A quick game of Rock, Paper, Scissor dictated I would volunteer to go into the field of battle. My husband thought it would entice our daughter to run out to me, picking up eggs as she skipped along, no doubt, to an internal soundtrack of “Ode to Joy.”

My inner mother was screaming for me to tell him she would need help not just incentive. But I didn't say anything. We didn't want to cross the line. So instead I watched in mini-horror as the signal was thrown and hundreds of tots broke rank. Our daughter was frozen. She clung tightly to her father's stain-proof pants, afraid to join the fray.

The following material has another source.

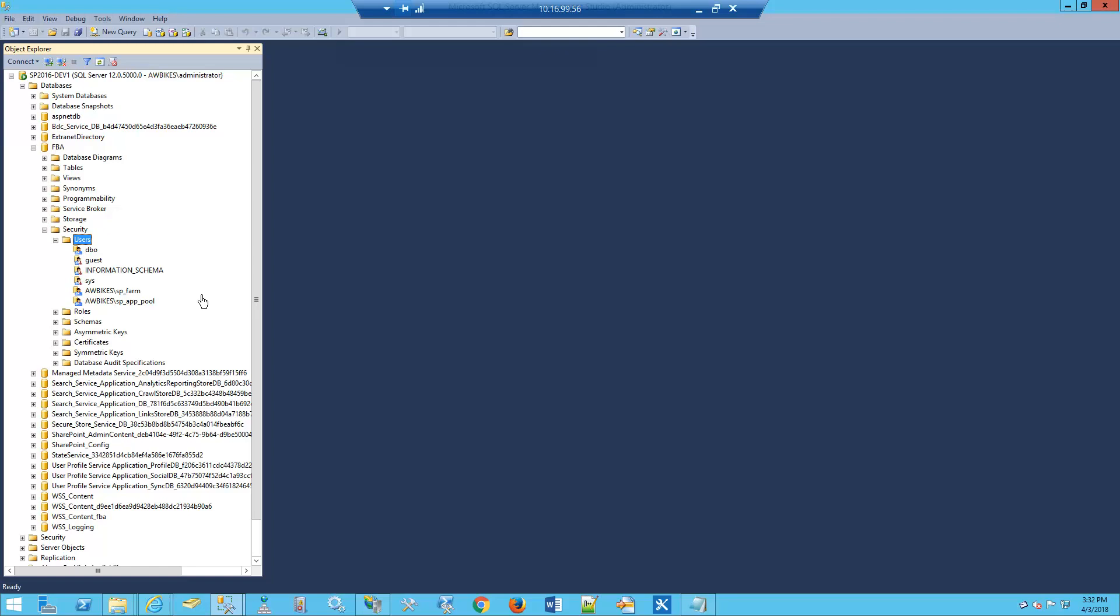This completes part two of our four-part series. In part three, we will edit the web config files. Thanks for watching and we'll see you again.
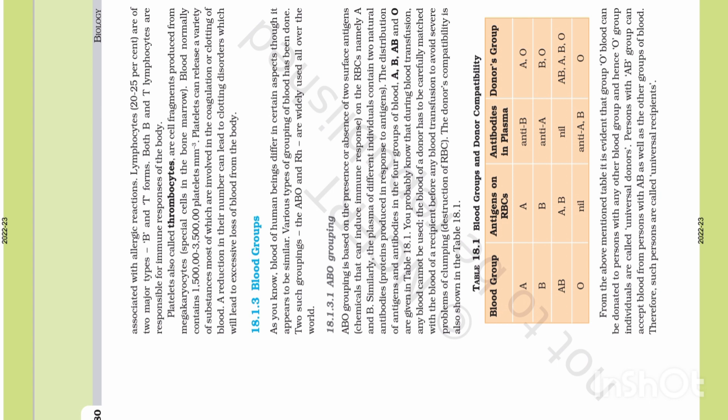As you know, blood of human beings differs in certain aspects, though it appears to be similar. Various types of grouping of blood have been done. Two such groupings, the ABO and RH, are widely used all over the world. The difference is based on the variety of blood groups formed, but mostly ABO and RH groups are worldwide used.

In seconds all the eggs were gone. More nimble arms had swept away all the colored orbs. In the melee I had forgotten my job and let dozens of kids into the next territory. By all accounts it was a dismal failure.

When it was over our daughter realized her basket was empty, and began to cry. Talk about heartbreaking. A toddler at an Easter Egg hunt without a single egg. Even more heartbreaking was, as the crowd thinned out, no one seemed to notice the weeping tot and her useless parents.

We stood there feeling helpless and wondering why we hadn't just brought some eggs to plant in case of such an emergency. A neighbor came over to see about the tears. Her daughter had found four eggs, two of which she happily shared with our daughter.

It wasn't the end of the world after all. On the contrary, it was the start of a lovely friendship and the impetus for planning to survive the next year's hunt if, by some tragic twist of fate, the Easter Bunny didn't see fit to cancel.

It was either that or pray for rain.